Читаем Моя хирургия. Истории из операционной и не только полностью

Мне довелось повидать одни из древнейших скальпелей в мире. Это было в Греции, в Эпидавре, в музее Асклепия. Скальпели, лежавшие за витринным стеклом, были точь-в-точь как наши — те, которыми я оперировал накануне поездки. А ведь им было не менее трех тысяч лет; и хотя они были не из нержавеющей стали, а из потемневшей от времени бронзы, хотя они изрядно подзатупились за те века, что пролежали в бездействии, но, если привести их в порядок и прогнать через стерилизатор, ими вполне можно было работать. А все оттого, что скальпель уже в момент зарождения сразу достиг совершенства.

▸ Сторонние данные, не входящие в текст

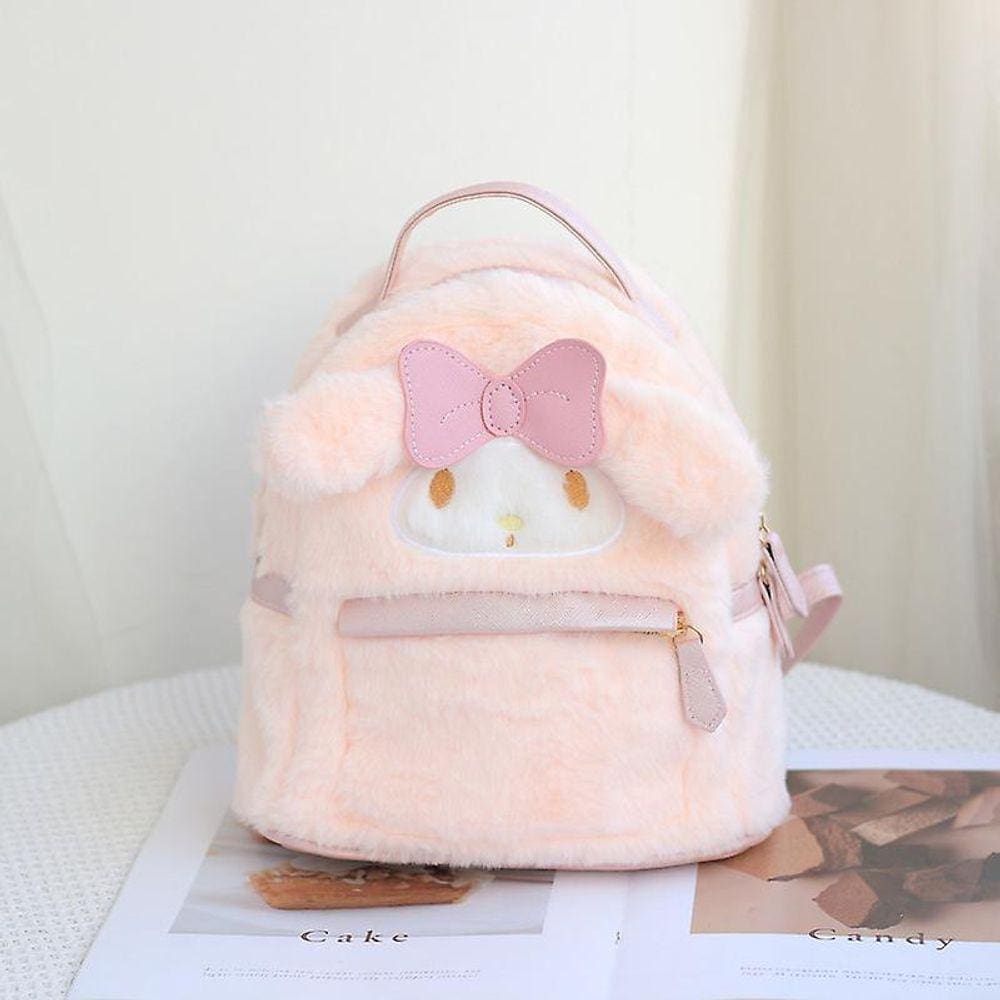 Mochila de pelúcia Kirby Star Game Kawaii para mais de 12 anos unissex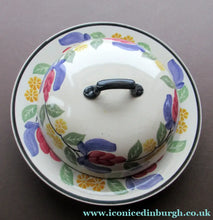 Load image into Gallery viewer, Antique Victorian Scottish Pottery Heron &amp; Sons Methven Kirkcaldy Bowl and Cover
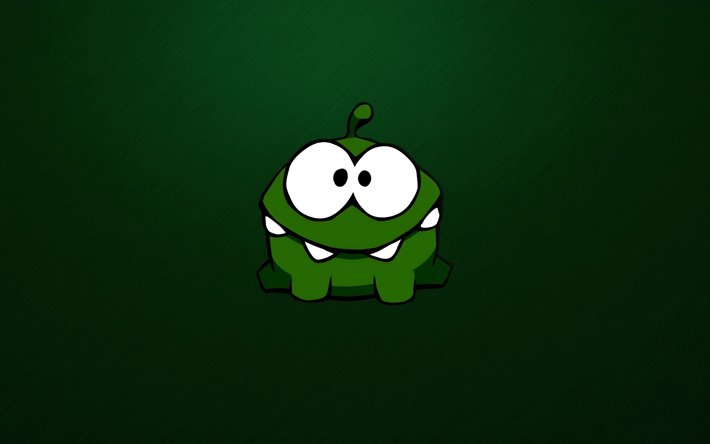 yeşil kurbağa, 4k, minimal, yeşil arka plan, karikat&#252;r kurbağa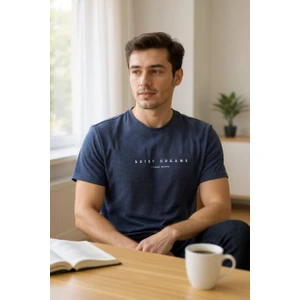 Erkek Regular Yeşil Baskılı T-Shirt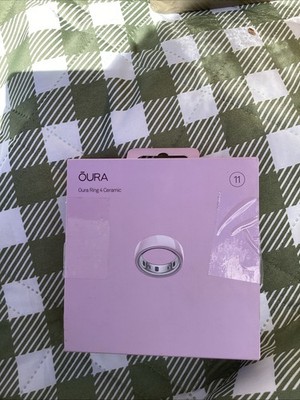 OURA Ring GEN 4 Ceramic Petal / Rose Smart Ring Size 11 - Open Box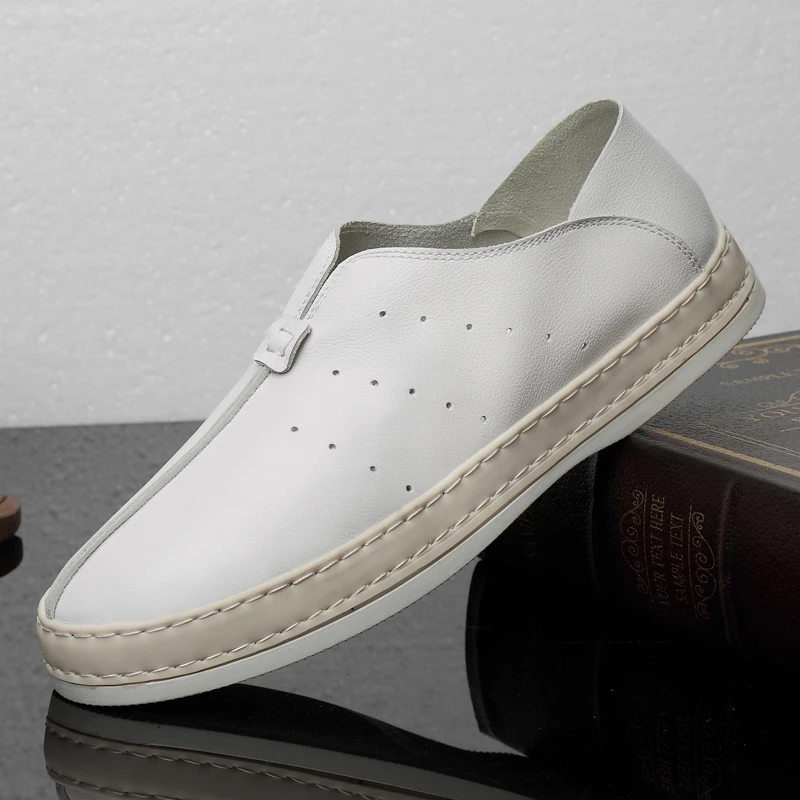 Leisure Shoes 2020 New Men Shoes Casual Breathable Leather Flat Fashion Zapatos Casuales Para Hombre De Cuero Mens Causal
Leisure Shoes 2020 New Men Shoes Casual Breathable Leather Flat Fashion Zapatos Casuales Para Hombre De Cuero Mens Causal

Что можно было улучшить в этом узком ноже, так удобно ложащемся в пальцы и предназначенном для послойного рассечения тканей? Разве только менять его размер да варьировать форму лезвия (конечно, «глазной» крошечный скальпель отличается от ампутационного военно-полевого ножа); но в принципе скальпели все одинаковы. У них есть рукоять — и лезвие с режущей кромкой. Различия между скальпелями — скорее в стиле работы: в том, как хирург держит их и насколько небрежно или осторожно пользуется ими на операции. Скальпель можно взять в руку, как берут писчее перо, — и работать с кропотливостью каллиграфа, выводящего строчку за строчкой; а можно держать, как скрипач держит смычок, — и вести операцию, как вдохновенную музыкальную партию. То есть разница уже не в самих инструментах — а в людях, которые ими работают. В движениях скальпеля проявляется тип и характер хирурга — решительного или осторожного, торопливо-азартного или мелочно-щепетильного, бодрого или уставшего, старого или молодого.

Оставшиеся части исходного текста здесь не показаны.